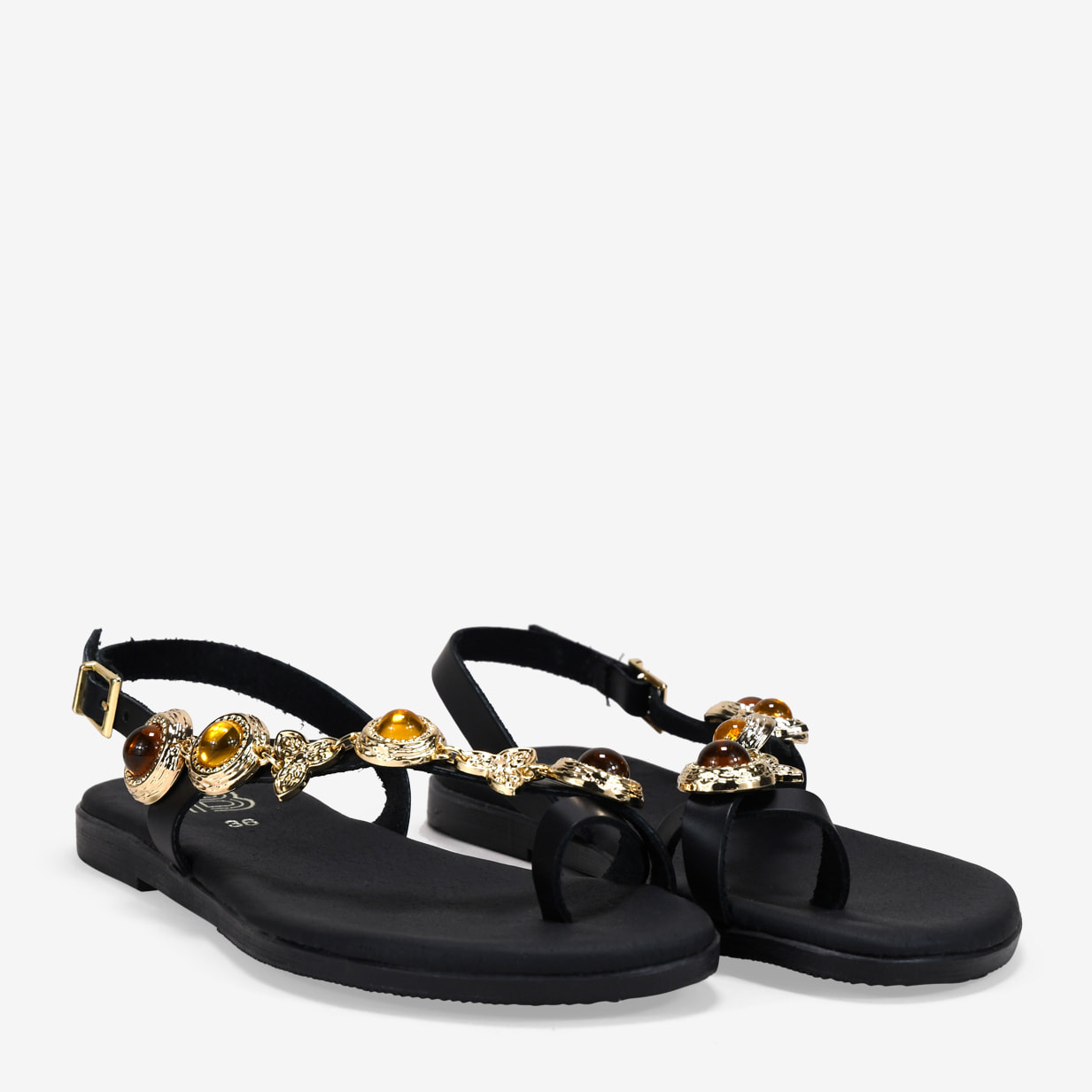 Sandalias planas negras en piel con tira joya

--

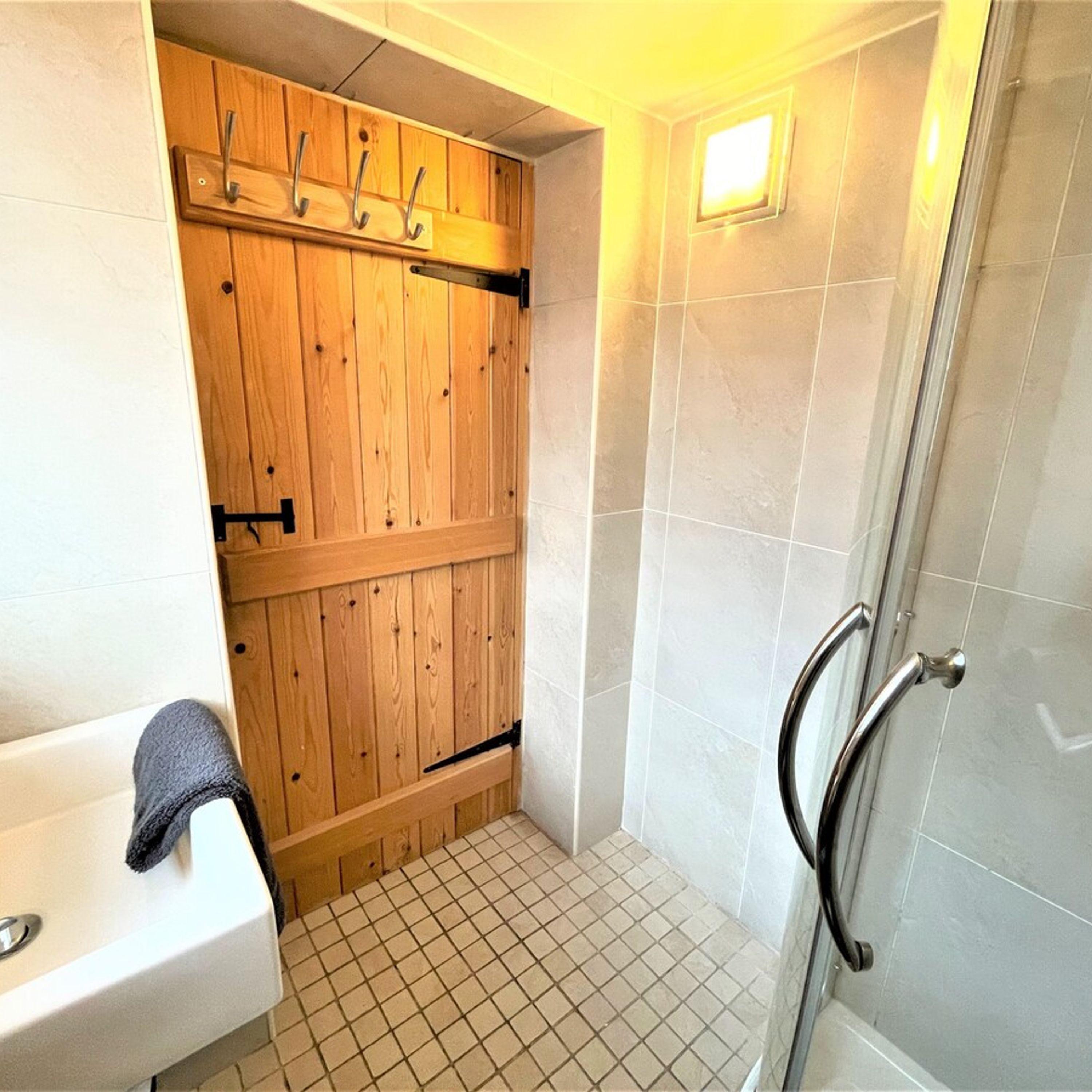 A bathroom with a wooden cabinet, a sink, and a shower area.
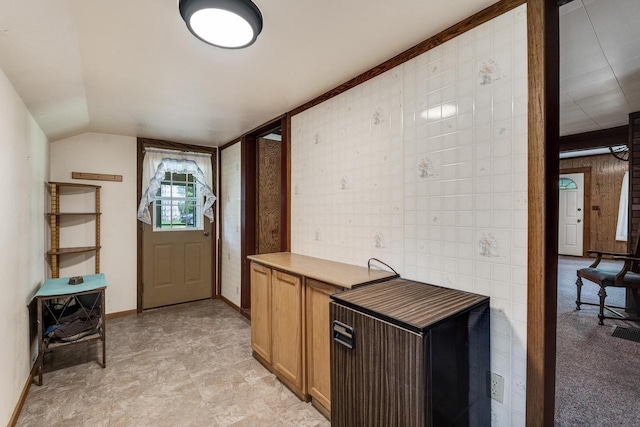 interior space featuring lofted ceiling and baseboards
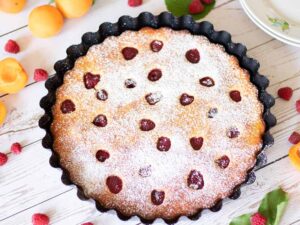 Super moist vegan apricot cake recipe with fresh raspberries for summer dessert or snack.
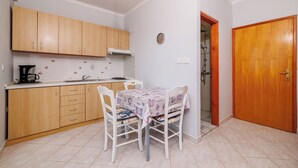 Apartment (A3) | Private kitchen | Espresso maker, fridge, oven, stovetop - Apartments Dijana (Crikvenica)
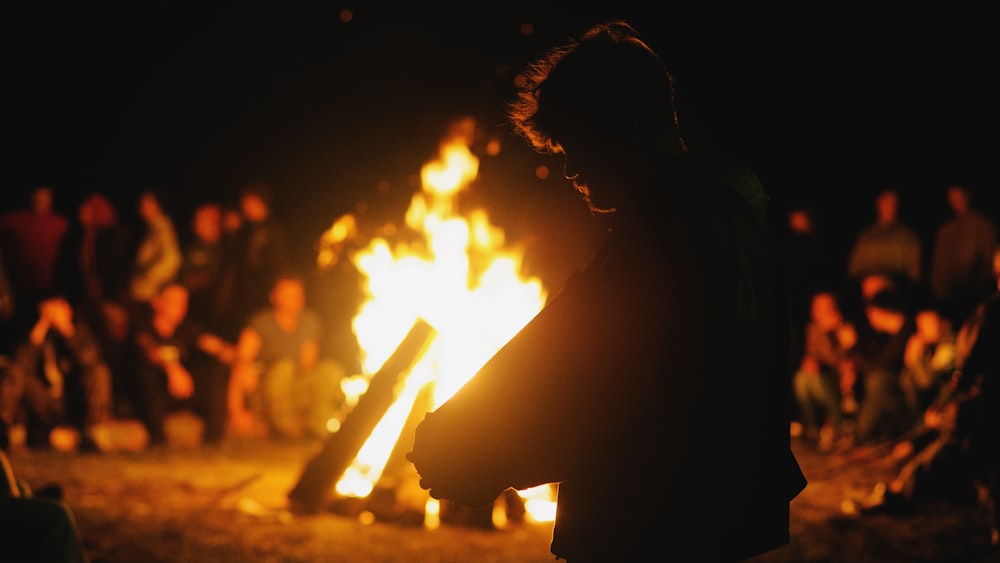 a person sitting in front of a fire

--

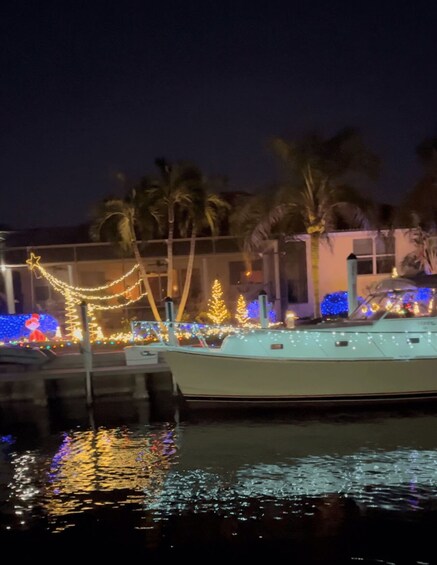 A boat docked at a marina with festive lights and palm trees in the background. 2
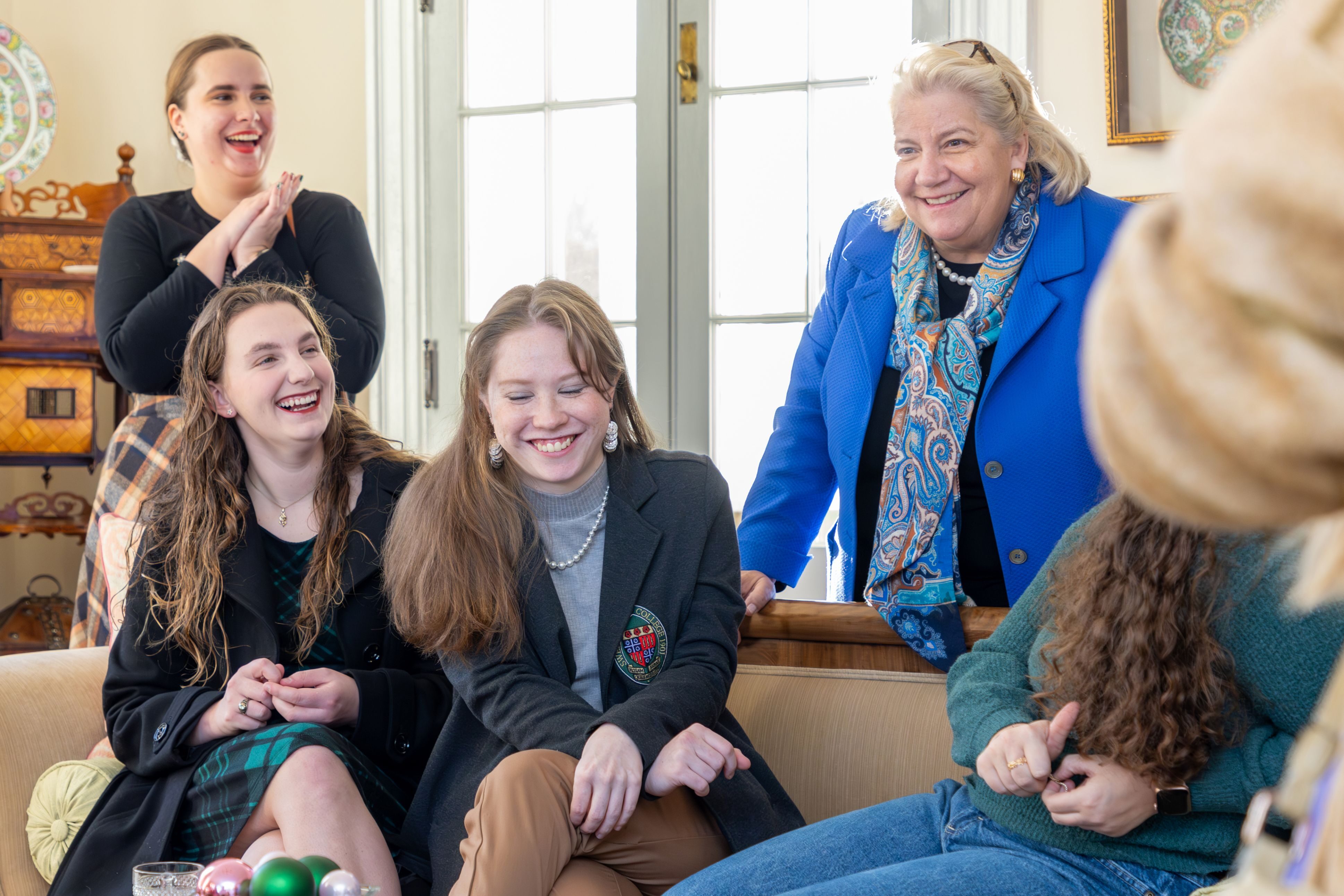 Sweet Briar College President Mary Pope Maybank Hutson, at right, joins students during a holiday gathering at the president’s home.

> [The problem]
Using the listing above, reproduce word for word every line from the one containing "interior space featuring" through the one containing "a person sitting in front of a fire". Pictures must be left out.

> [Response to this exercise]
 interior space featuring lofted ceiling and baseboards
 Super moist vegan apricot cake recipe with fresh raspberries for summer dessert or snack.
 Apartment (A3) | Private kitchen | Espresso maker, fridge, oven, stovetop - Apartments Dijana (Crikvenica)
 a person sitting in front of a fire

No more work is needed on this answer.